▶ [EXERCISE DETAILS]
Word for word, repeat the data; no picture should appear in the result.

▶ [RECORDED DATA]
################

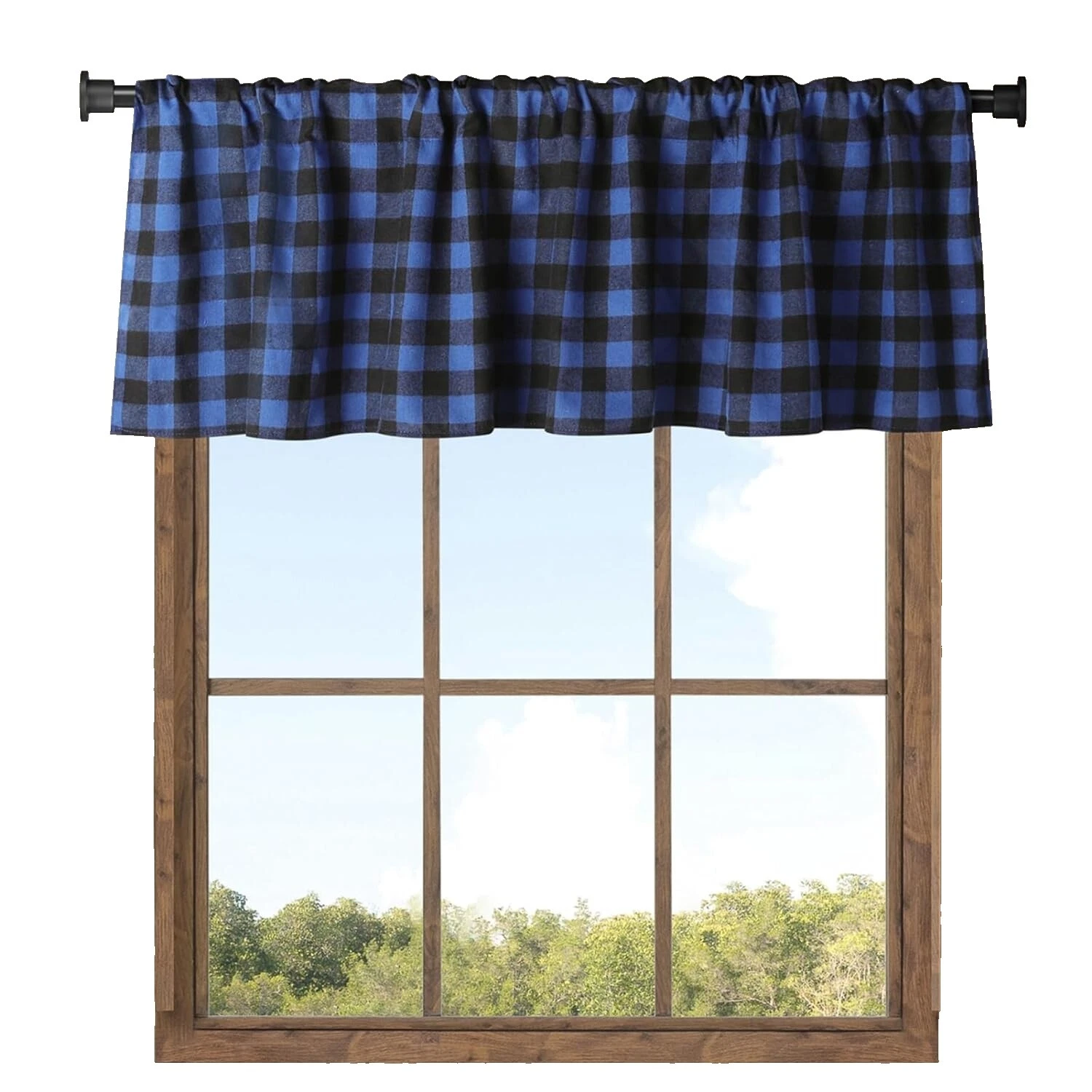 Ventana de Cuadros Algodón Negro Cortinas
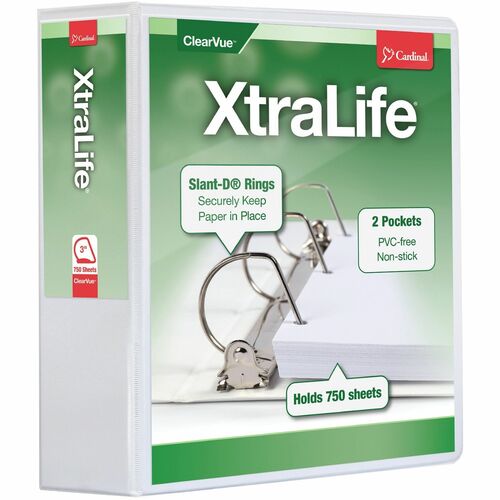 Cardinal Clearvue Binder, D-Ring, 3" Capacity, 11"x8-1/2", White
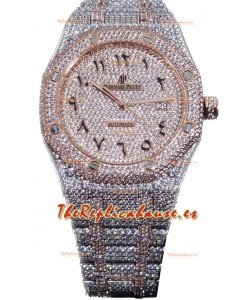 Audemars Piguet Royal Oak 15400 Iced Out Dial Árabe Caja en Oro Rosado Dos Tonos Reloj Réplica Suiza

################

▶ [ANSWER SPACE]
 Ventana de Cuadros Algodón Negro Cortinas
 Cardinal Clearvue Binder, D-Ring, 3" Capacity, 11"x8-1/2", White
 Audemars Piguet Royal Oak 15400 Iced Out Dial Árabe Caja en Oro Rosado Dos Tonos Reloj Réplica Suiza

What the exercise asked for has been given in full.